Their Job: Preservation and Renewal
Libraries Staff Not Only Kept Past Alive; They Share via Digitization
“We’ll take them.”
It’s not often when a librarian has the opportunity to personally save a piece of history. Yet those three words set in motion a series of events leading to the preservation and digital renewal of an all but forgotten newspaper that chronicled Boston, the Catholic Church and the New England region during the turn of the 20th century.
The digitization of the Sacred Heart Review is the latest project to bolster Boston College Libraries’ expanding digital collection, searchable by researchers and academics throughout the world.
Published from 1888 through 1918, the Sacred Heart Review was edited by Rev. John O’Brien, pastor of the Sacred Heart Church in East Cambridge. Far from a church bulletin, each edition of the paper was 16 pages that reported on religious news, the church community, regional and world events and editorials that pointedly defended Catholicism.
In February 2008, while preparing for the renovation of the School of Theology and Ministry library, Burns Library Rare Books Librarian and Senior Cataloger David Richtmyer was sent to review some of the materials held by the St. John’s Seminary library.

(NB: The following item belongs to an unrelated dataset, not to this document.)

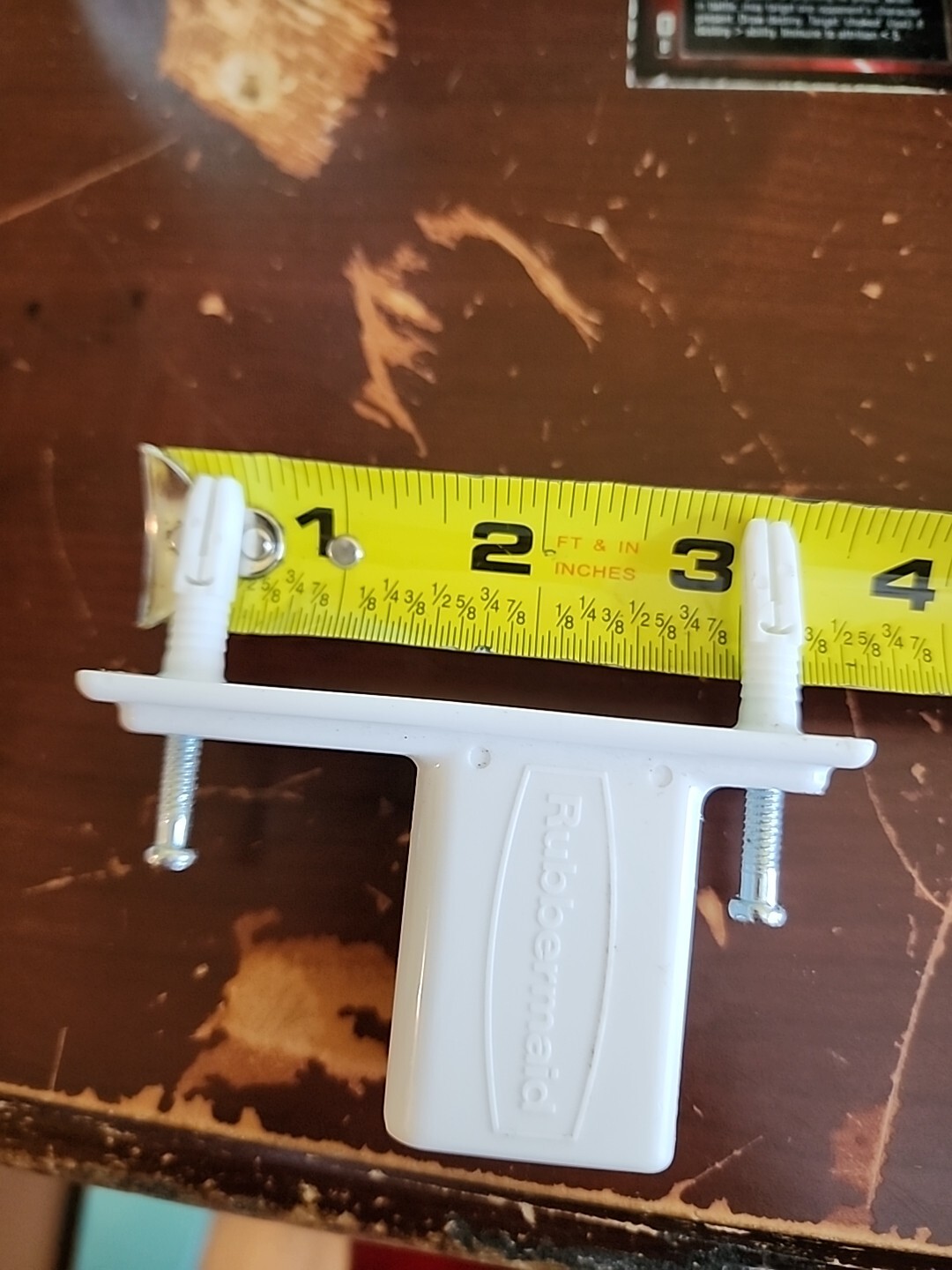4 Rubbermaid Closetmaid FreeSlide Fast Set Wall End Shelf Shelving Wire Bracket gallery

Warmly greeted by the librarian, Msgr. Laurence McGrath, Richtmyer was ushered into a section of the library known as “the Cabinet Room.” There, amid the rare 15th and 16th-century treasures, was a collection of dusty, seemingly unremarkable bound periodicals: the Sacred Heart Review.
“It was almost as an afterthought that Fr. McGrath asked me if I would be interested in these periodicals,” said Richtmyer. “I asked what would become of these volumes if I did not accept the offer and was told they’d be thrown away. When faced with that prospect, there is only one responsible reply for a rare book librarian to make: ‘We’ll take them.’”
Richtmyer quickly saw historical significance within the pages, which provided a snapshot of Greater Boston prior to World War I. In addition to the front page articles – like that of Pope Benedict XV’s encyclical Ad Beatissimi Apostolorum, which described his grief at the slaughter that had just begun to envelope Europe in 1915 – the Review’s advertisements illustrate the less notable events, like the rise and fall of gas lighting vis-à-vis the Cambridge Gas Light Company advertisements.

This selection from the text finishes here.